Zing Forum

Reading

DISCO: A Multimodal Diffusion Model-Driven Protein Co-Design System

A protein design tool based on multimodal diffusion models that enables the co-generation of sequences and 3D structures, providing a new paradigm for drug discovery and synthetic biology.

蛋白质设计扩散模型多模态生物信息学药物发现合成生物学结构预测AI4Science
Published 2026-05-02 12:37Recent activity 2026-05-02 12:49Estimated read 6 min
DISCO: A Multimodal Diffusion Model-Driven Protein Co-Design System
1

Section 01

Introduction to DISCO: A Multimodal Diffusion Model-Driven Protein Co-Design System

DISCO is a protein design tool based on multimodal diffusion models, enabling the co-generation of sequences and 3D structures, and providing a new paradigm for drug discovery and synthetic biology. Its core innovations lie in the co-design paradigm and multimodal conditional mechanism, which address the problem of separation between sequence and structure in traditional protein design, and are expected to drive AI-powered biotech innovations.

2

Section 02

Background of Paradigm Shift in Protein Design

Protein function is defined by the 3D structure determined by the amino acid sequence. Traditional protein design relies on physical simulations and heuristic searches, which have high computational costs and limited success rates. In recent years, diffusion models have made breakthroughs in image generation, and scientists have explored their application in molecular design; DISCO is the latest achievement in this direction.

3

Section 03

DISCO's Co-Design Paradigm and Multimodal Conditional Mechanism

Traditional methods split protein design into two independent stages: sequence design and structure prediction, leading to inconsistencies between sequence and structure. DISCO proposes a co-design paradigm that generates sequences and 3D structures simultaneously, with mutual constraints and optimization: at the sequence level, it considers biochemical properties, evolutionary conservation, etc.; at the structure level, it considers secondary structure arrangement, active site constraints, etc.

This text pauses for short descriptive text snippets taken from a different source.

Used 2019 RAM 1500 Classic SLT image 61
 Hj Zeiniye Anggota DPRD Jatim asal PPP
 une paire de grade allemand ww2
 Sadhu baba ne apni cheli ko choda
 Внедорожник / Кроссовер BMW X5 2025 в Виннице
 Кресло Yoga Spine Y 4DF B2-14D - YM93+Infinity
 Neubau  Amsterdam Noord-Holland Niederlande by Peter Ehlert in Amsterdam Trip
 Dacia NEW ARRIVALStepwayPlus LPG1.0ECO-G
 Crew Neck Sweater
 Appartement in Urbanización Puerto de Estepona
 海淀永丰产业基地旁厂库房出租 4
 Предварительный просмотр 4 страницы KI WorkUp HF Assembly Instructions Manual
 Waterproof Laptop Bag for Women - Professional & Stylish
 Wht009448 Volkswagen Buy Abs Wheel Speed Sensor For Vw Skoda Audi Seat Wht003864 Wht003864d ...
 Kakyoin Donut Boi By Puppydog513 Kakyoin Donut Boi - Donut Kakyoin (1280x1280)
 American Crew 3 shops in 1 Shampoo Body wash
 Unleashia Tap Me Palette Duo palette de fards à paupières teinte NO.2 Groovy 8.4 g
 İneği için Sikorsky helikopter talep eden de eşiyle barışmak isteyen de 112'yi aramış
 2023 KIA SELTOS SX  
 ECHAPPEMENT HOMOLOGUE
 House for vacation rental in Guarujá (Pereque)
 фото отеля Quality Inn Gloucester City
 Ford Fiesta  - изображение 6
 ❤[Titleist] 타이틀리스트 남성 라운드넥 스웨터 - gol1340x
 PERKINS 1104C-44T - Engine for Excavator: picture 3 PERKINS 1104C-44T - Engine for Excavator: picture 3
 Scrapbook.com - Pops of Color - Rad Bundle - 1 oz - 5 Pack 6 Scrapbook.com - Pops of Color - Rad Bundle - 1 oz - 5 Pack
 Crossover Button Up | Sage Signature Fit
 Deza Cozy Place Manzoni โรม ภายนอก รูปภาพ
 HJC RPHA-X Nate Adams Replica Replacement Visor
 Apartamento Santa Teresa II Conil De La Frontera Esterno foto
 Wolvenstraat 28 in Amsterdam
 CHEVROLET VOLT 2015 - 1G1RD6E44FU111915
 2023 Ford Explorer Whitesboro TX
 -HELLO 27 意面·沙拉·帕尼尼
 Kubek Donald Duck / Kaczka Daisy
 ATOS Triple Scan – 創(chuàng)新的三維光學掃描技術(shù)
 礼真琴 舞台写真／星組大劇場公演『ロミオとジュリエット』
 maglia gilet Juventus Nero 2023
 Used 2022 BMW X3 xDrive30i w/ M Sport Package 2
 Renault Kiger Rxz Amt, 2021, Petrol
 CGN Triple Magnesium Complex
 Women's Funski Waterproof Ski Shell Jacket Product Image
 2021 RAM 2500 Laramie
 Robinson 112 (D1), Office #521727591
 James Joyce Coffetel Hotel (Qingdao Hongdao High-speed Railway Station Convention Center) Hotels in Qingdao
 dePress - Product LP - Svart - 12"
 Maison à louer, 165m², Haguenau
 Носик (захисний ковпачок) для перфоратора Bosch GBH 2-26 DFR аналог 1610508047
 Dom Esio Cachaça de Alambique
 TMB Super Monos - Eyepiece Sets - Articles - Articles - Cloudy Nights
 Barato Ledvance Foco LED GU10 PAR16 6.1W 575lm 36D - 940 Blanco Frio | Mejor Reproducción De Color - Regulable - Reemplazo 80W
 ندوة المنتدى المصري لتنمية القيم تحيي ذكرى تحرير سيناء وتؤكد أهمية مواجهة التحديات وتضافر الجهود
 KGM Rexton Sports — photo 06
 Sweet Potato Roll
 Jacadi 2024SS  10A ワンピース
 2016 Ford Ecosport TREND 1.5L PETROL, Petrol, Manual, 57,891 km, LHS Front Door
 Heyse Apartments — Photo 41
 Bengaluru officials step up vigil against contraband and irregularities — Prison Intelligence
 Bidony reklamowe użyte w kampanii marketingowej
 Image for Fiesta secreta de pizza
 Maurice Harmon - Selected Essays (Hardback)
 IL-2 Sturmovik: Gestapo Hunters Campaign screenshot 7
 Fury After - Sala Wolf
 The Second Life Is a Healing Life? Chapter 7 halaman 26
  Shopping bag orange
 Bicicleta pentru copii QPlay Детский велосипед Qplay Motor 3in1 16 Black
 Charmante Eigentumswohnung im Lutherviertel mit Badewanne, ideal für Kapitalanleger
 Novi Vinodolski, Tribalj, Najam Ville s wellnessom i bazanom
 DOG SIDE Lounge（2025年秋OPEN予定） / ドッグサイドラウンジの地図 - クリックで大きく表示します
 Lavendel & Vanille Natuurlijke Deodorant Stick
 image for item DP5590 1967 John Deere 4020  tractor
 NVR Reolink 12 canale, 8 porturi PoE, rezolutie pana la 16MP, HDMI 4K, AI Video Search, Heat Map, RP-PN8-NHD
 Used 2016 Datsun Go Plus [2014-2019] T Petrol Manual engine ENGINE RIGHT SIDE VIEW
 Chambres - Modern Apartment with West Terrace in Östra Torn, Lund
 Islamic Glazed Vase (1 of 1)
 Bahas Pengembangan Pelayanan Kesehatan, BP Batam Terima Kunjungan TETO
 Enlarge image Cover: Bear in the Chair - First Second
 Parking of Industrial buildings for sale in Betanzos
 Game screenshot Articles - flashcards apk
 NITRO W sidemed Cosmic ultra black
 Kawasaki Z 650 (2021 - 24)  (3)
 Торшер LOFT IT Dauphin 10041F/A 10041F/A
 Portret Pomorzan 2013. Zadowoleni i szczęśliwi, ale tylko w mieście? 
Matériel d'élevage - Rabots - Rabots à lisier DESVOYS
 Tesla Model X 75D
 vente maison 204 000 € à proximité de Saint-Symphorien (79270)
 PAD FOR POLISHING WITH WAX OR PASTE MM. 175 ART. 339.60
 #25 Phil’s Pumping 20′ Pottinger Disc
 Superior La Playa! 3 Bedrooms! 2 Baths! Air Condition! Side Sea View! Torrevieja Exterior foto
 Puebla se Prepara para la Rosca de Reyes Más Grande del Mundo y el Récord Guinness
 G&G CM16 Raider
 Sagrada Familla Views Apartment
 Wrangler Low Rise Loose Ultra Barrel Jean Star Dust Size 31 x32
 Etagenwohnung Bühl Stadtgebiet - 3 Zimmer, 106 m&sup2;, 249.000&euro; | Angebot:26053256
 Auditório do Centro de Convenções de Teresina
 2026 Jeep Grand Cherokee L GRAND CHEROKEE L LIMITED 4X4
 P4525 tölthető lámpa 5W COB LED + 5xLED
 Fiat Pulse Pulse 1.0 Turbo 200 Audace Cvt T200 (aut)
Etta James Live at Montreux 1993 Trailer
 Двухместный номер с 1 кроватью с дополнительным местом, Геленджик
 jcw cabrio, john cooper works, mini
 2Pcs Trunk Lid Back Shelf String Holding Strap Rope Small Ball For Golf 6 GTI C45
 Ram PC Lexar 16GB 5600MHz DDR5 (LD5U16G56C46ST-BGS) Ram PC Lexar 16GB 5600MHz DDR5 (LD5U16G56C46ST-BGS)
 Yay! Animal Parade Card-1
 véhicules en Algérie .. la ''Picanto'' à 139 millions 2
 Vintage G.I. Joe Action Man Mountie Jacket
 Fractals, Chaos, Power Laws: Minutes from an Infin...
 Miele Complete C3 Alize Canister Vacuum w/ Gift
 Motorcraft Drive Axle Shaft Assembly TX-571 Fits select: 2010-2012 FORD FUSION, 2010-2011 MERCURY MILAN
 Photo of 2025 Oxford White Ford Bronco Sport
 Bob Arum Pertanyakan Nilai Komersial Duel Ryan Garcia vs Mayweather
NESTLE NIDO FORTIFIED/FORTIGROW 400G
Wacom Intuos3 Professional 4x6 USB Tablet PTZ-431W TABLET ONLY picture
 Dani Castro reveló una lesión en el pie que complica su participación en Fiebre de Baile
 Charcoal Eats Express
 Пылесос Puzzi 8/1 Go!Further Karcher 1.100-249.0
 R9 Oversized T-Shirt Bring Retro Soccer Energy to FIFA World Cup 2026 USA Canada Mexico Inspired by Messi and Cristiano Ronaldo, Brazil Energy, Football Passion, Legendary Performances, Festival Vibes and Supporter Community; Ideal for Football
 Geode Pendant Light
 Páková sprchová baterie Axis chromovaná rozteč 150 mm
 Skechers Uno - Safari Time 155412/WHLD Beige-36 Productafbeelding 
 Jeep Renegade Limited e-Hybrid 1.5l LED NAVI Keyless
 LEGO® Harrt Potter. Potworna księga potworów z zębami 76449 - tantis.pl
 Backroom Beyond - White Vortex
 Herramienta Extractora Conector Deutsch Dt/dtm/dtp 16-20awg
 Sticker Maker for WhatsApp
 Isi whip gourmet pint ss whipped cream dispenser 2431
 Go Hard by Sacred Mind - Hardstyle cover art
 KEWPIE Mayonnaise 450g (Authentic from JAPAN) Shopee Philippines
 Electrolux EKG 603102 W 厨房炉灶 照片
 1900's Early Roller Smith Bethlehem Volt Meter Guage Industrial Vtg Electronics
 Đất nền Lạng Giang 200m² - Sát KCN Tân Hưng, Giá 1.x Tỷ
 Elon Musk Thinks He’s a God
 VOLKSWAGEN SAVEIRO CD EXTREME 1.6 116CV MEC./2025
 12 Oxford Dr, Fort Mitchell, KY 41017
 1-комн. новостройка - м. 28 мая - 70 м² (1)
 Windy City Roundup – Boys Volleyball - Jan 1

The core innovation is the multimodal conditional diffusion architecture, which accepts biomolecular conditions (functional domains, binding sites, etc.), ligand conditions (small molecule structures), and text descriptions (e.g., "thermostable esterase") as inputs to guide generation.

4

Section 04

Adaptation Scheme of Diffusion Models in Molecular Space

DISCO adopts specialized adaptations for molecular design challenges: 1. SE(3) equivariance: Using equivariant neural networks to ensure output is coordinate system-independent, avoiding unreasonable conformations; 2. Discrete-continuous hybrid space: Using a unified continuous diffusion framework, projecting sequence probabilities into discrete space during decoding; 3. Multiscale representation: Learning from atomic to residue levels to capture hydrogen bond networks and overall topological folding patterns.

5

Section 05

Application Scenarios and Experimental Validation Results of DISCO

DISCO performs excellently in benchmark tests: In enzyme design, the designed enzymes have activity close to that of natural enzymes; in binding protein design, the success rate for given ligands is more than 3 times higher than traditional methods; in structure filling, it can complete missing regions of known partial structures, which is important for protein engineering and repair research.

6

Section 06

Impact of DISCO on Drug Discovery and Synthetic Biology

In drug discovery, DISCO enables "on-demand design"—de novo design of binding proteins or antibodies for disease targets, shortening response time to emerging infectious diseases; in synthetic biology, it provides component design capabilities for artificial metabolic pathways, allowing the design of specific enzymes to assemble efficient biosynthetic pathways (e.g., converting cheap substrates into high-value chemicals, microbial systems for plastic degradation).

7

Section 07

Technical Limitations and Future Development Directions

DISCO has limitations: It mainly optimizes static structures, and modeling of dynamic conformations and allosteric regulation needs improvement; experimental validation remains a bottleneck. Future directions include integrating molecular dynamics simulations to refine structures, introducing active learning with experimental feedback, and expanding to protein-protein interaction systems. In addition, DISCO's open-source nature lowers the entry barrier for research, promoting open collaboration to accelerate AI biotech innovation.